With the holidays mostly coming to an end, it’s time for many of us to get back to our regular routines after eating ourselves into a food coma. In theory, this seems like a really easy concept. In practice, it is much more difficult. Cravings, fatigue, lack of motivation, and cold weather are all working together to deter us from resuming our healthy habits. So what can you do to help get yourself back on track and to stay on track?
1) Don’t Beat Yourself Up
Many people feel pretty discouraged in regards to their fitness goals after the holidays. After a couple of weeks of eating all of the seasonal foods we feel like our waistlines have expanded and we feel pretty crummy. If this has happened to you, it is important to not use this disappointment as motivation. When you use a negative feeling to motivate yourself you usually end up getting off track again. Instead, try using positive motivation to get you back on track. Try focusing on getting healthy, not just on losing weight. Do it to feel better, instead of looking better. Positive motivation will get you further than negative motivation.
Take some time to sit down and plan out your week. Take a look at what you have in your fridge and plan your meals accordingly. Once you have things like work and family scheduled in, try and fit five half hour workouts into your schedule. Keep in mind the time of day that you are putting them in for – it can sometimes be tricky to get a workout in after a long day of work.
Take some time to organize your space. Clean out all of those desk drawers and toss/donate everything from your closet that hasn’t been work for the past year. Give yourself a fresh start this new year. When you are reorganizing, keep in mind the functionality of the space, this will help you keep organized and make your life more simple.
4) Bring on the New
Once you’ve reorganized and decluttered your space fill it with things that will help you stay on track. The best first step is to fill your fridge and pantry with healthy foods. Once you have that taken care of, see if you have some space left over in your house for a workout corner. This way, even if you can’t make it to the gym or it’s too cold outside to exercise, you can still do some activity at home! Another thing to do is revamp your space. Add items that bring you joy (as cheesy as this sounds). Find a nice little plant or some decorative objects that make you smile!
5) Start a Food Journal
Writing down what you eat can be a great way to really keep track of what you are putting in to your body. Sometimes it is easy to forget that you had a cookie with your morning coffee. By writing it down you make sure you eat enough of the right things!
6) Set Goals
Give yourself something fun to work towards. It helps you keep on track and lets you have fun. To set goals you can stick to try using S.M.A.R.T. goals (Specific. Measurable. Attainable. Relevant. Time-bund). Need some help setting goals: Making Resolutions You Can Stick To
7) Stay Motivated
Motivation can be a highly elusive creature for some people. When getting back on track motivation is what will keep you going until you have formed your new habit. So what do you do on those mornings when you can’t seem to force yourself to get out of bed to hit them gym before work? The easiest thing to do is to remind yourself why you started this. If you created your goals using S.M.A.R.T. goals, then this should be easy to do. For those of you who haven’t made your S.M.A.R.T. goals try revamping your preexisting goals to fit this framework.

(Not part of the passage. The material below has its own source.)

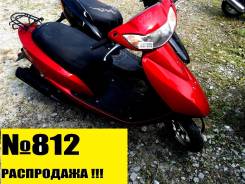Honda Dio AF68. 49 куб. см., исправен, птс, без пробега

8) Create a Support Network
It’s always easier to stay on track when you surround yourself with like-minded individuals. The closer the people are to you the better and around this time of year it is usually pretty easy to convince people to start living healthier. If you are on your own it is always super easy to find like minded individuals on social networking platforms. Try joining a Facebook group or Spark People. This can also be a great way to meet new people!
9) Stay On Track
Usually getting on track is the easy part. It’s staying on track that can be hard. When you first make a change, you notice some short term improvements, but after a couple of days, this feeling wears off. It’s at this point where a lot of people start to derail; cravings, lack of motivation, and old routine start to set back in. Instead of succumbing to these pressures, learn what causes them and work at moving past this progress plateau.
10) Be Happy
It’s your life to live so you may as well enjoy it! Learn to work through the hard times and cherish the good times!